Work item —
In the records below, find the line that contains "Fendt 724 power - Farm tractor: picture 5 Fendt". Retype that line and all the lines after it through the end, leaving out the pictures.

Material supplied: Begin

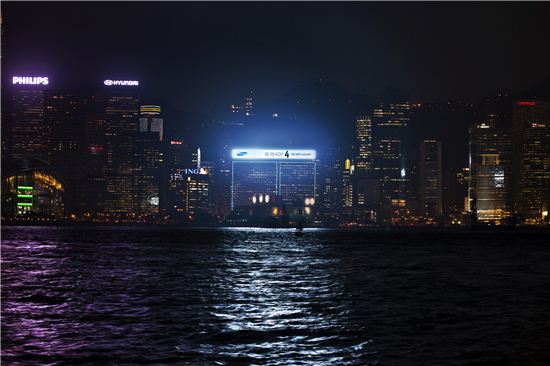 [포토]영국·홍콩에도 삼성 '갤럭시S4' 광고판 등장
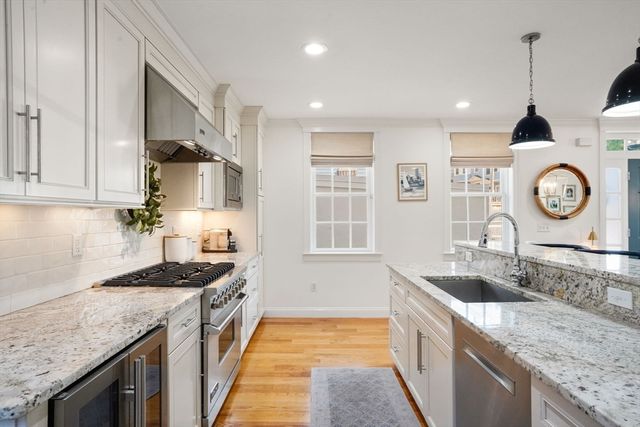 127 High St, Boston, MA 02129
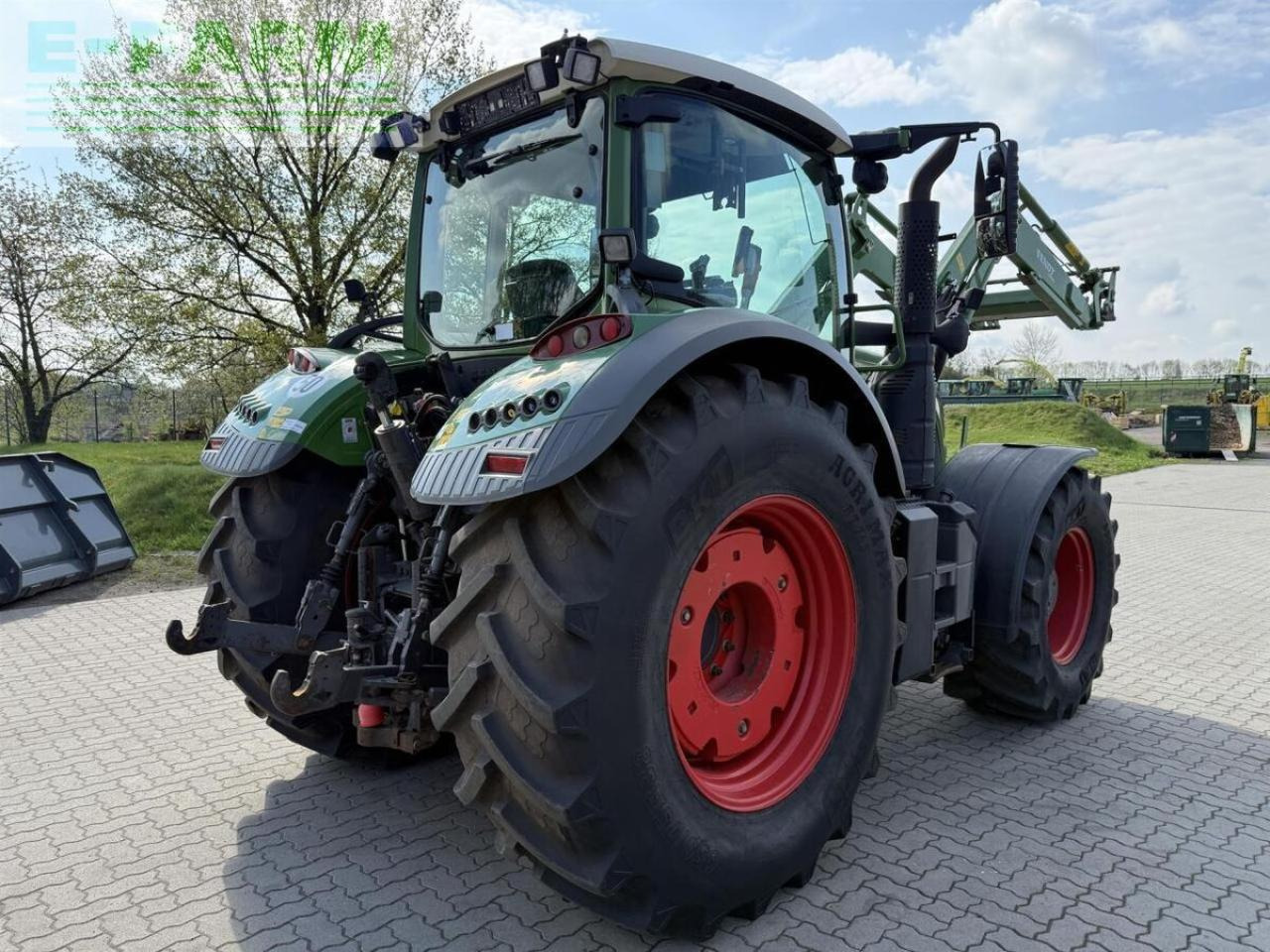 Fendt 724 power - Farm tractor: picture 5 Fendt 724 power - Farm tractor: picture 5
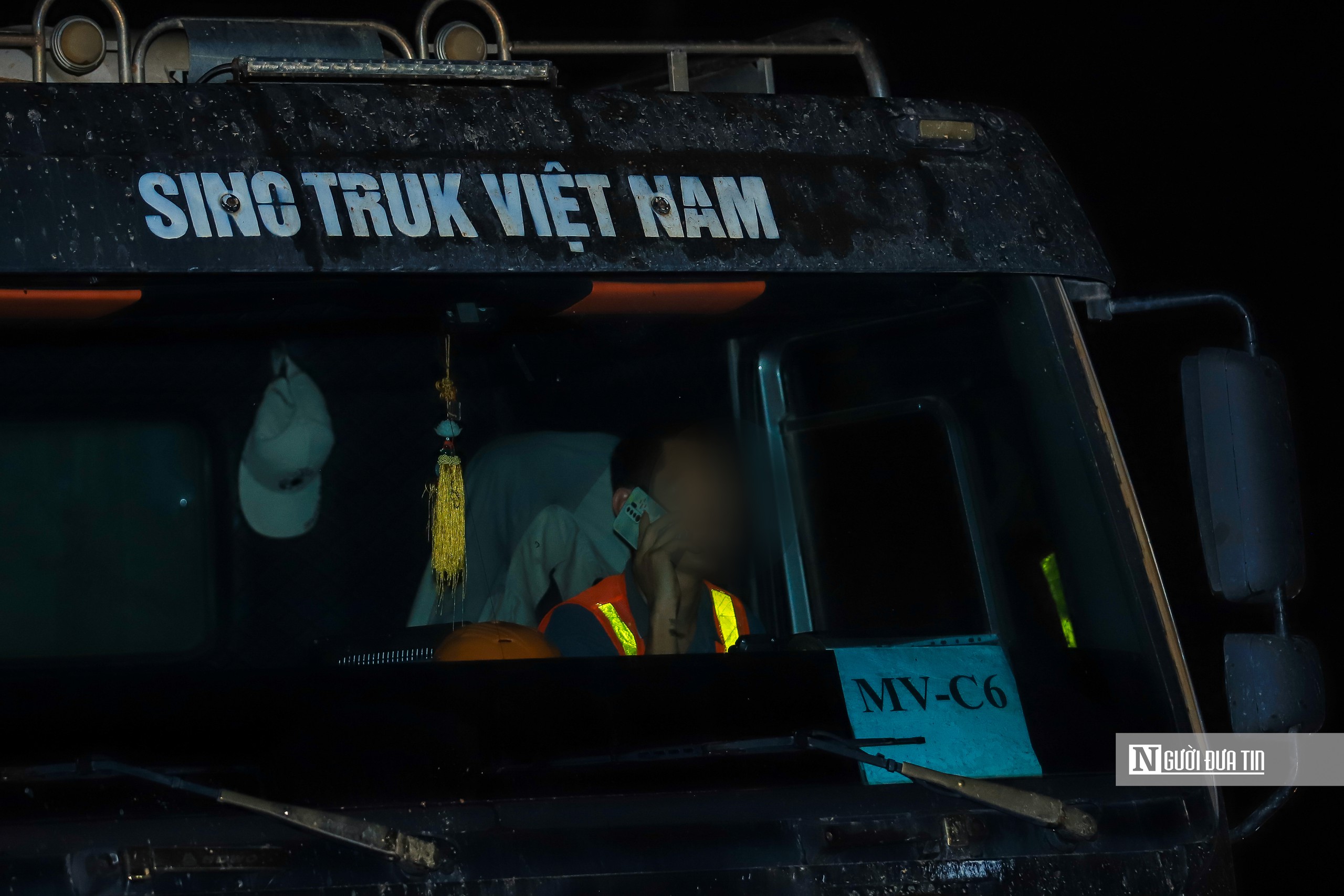 Hà Nội tăng cường giám sát, xử lý hoạt động vận chuyển đất thi công hồ điều hòa- Ảnh 14.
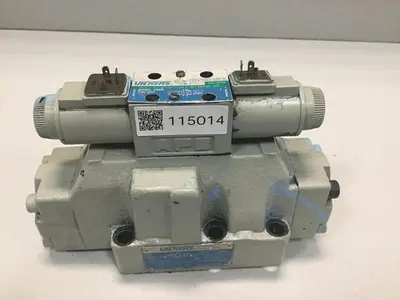 USED VICKERS DG5V-8-S-31C-E-T-M-U-HL-B13-10-EN502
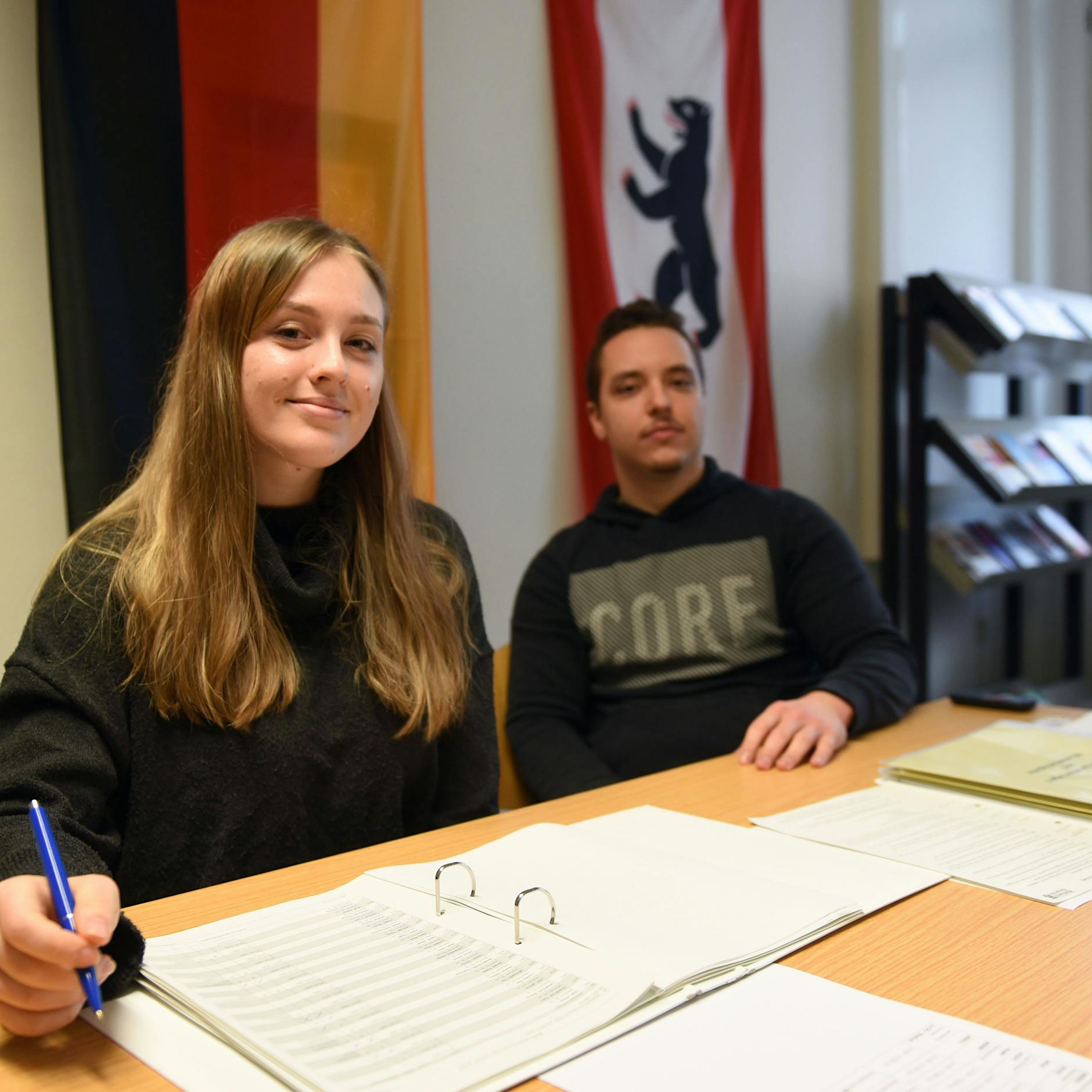 Berlin-Neukölln, alles läuft bei der Wahl. Sogar in trauter Zweisamkeit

Material supplied: End

Exercise answer —
 Fendt 724 power - Farm tractor: picture 5 Fendt 724 power - Farm tractor: picture 5
 Hà Nội tăng cường giám sát, xử lý hoạt động vận chuyển đất thi công hồ điều hòa- Ảnh 14.
 USED VICKERS DG5V-8-S-31C-E-T-M-U-HL-B13-10-EN502
 Berlin-Neukölln, alles läuft bei der Wahl. Sogar in trauter Zweisamkeit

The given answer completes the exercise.